> RECORDS PROVIDED
┌──

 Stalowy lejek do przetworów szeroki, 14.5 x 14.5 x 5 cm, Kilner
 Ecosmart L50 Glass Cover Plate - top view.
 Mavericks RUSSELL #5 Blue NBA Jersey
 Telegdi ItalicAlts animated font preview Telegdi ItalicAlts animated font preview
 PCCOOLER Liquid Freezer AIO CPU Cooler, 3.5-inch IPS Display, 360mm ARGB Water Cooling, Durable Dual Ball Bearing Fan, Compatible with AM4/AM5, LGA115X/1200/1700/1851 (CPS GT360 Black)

└──
┌──

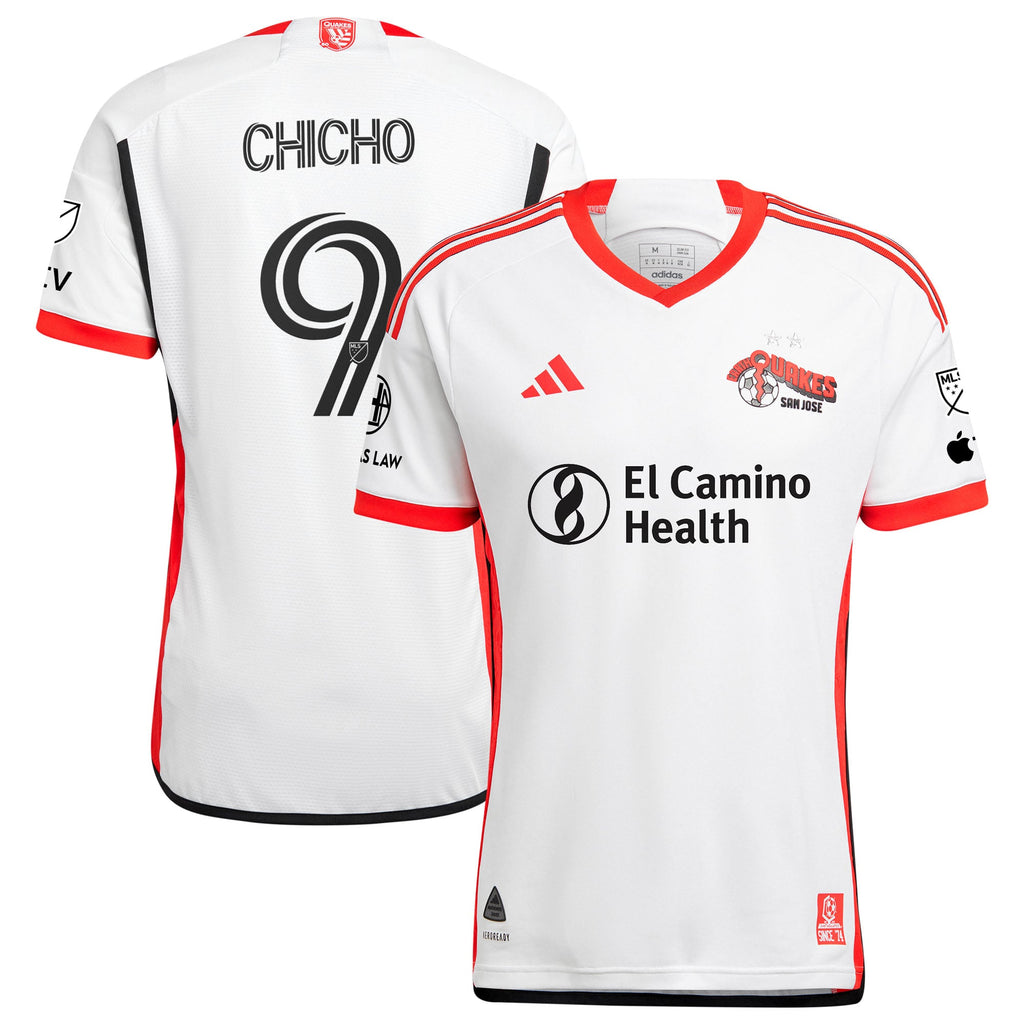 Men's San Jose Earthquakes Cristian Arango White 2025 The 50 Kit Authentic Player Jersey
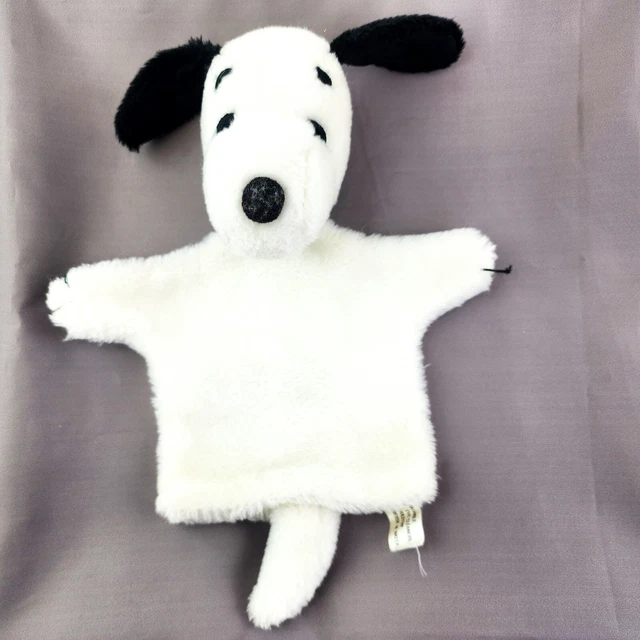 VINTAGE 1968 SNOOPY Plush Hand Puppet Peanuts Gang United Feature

└──

> WHAT IS EXPECTED
What do the lines above say from the one containing "Telegdi ItalicAlts animated font preview Telegdi" down to the one containing "PCCOOLER Liquid Freezer"? Return them exactly, both end lines included, and only them.

> COMPLETED TASK
 Telegdi ItalicAlts animated font preview Telegdi ItalicAlts animated font preview
 PCCOOLER Liquid Freezer AIO CPU Cooler, 3.5-inch IPS Display, 360mm ARGB Water Cooling, Durable Dual Ball Bearing Fan, Compatible with AM4/AM5, LGA115X/1200/1700/1851 (CPS GT360 Black)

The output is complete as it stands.